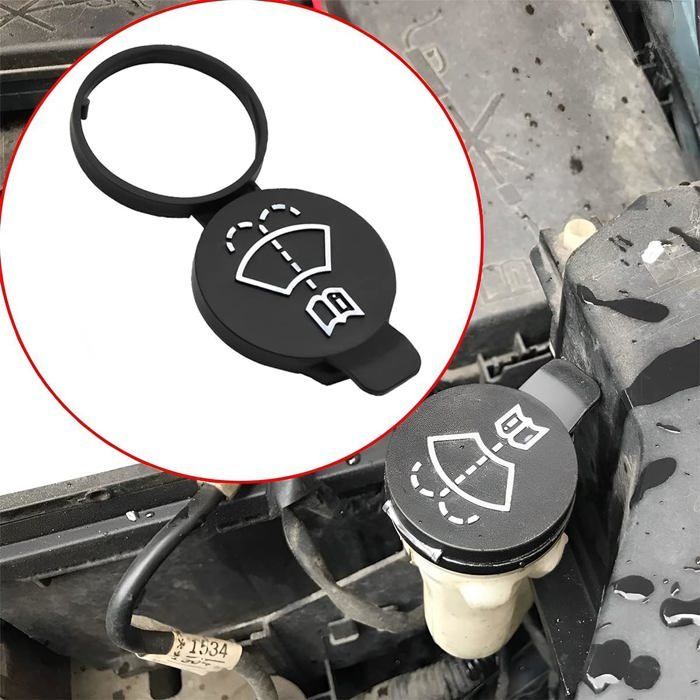 Juego de 2 tapas universales para el depósito del líquido limpiaparabrisas del coche, repuestos, compatibles, fácil instalación.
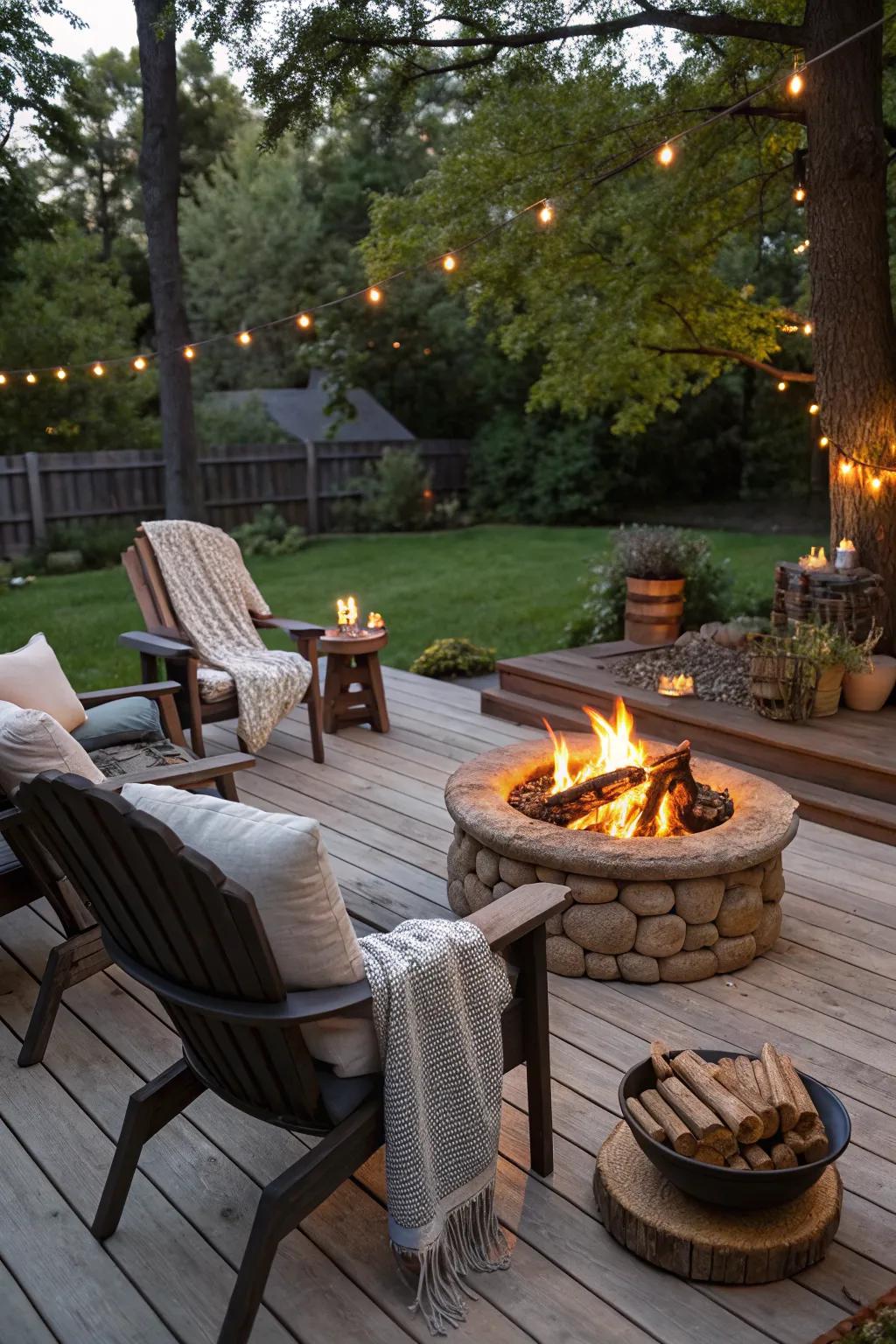Fire pits add warmth and ambiance to your deck.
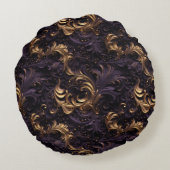ロココレルム:ゴールデンダークパープルフローラビーズ ラウンドクッション (裏面)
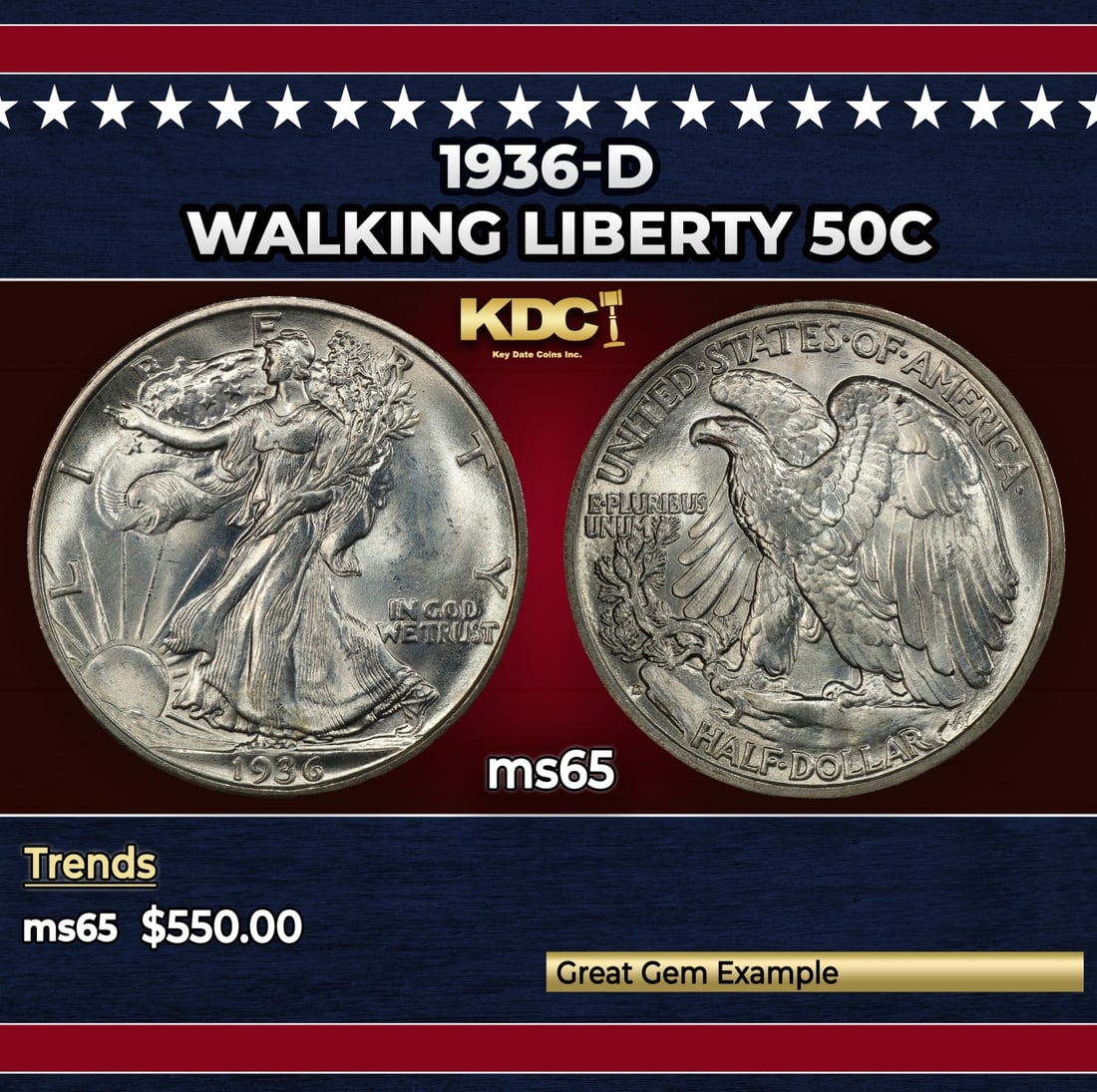 1936-d Walking Liberty Half Dollar 50c Grades ms65: 1936-d Walking Liberty Half Dollar 50c Grades ms65.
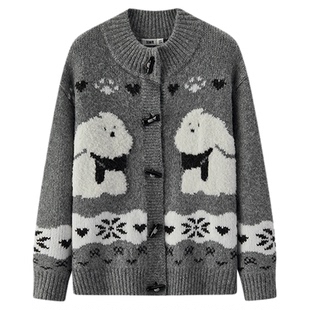 森马针织开衫女冬半高领小狗提花牛角扣毛衫宽松2025新款可爱上衣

═══

● Directions
Take the lines from the one holding "Fire pits add" through the final line of the records above and output them exactly, both ends included, excluding pictures.

● Written answer
Fire pits add warmth and ambiance to your deck.
ロココレルム:ゴールデンダークパープルフローラビーズ ラウンドクッション (裏面)
 1936-d Walking Liberty Half Dollar 50c Grades ms65: 1936-d Walking Liberty Half Dollar 50c Grades ms65.
 森马针织开衫女冬半高领小狗提花牛角扣毛衫宽松2025新款可爱上衣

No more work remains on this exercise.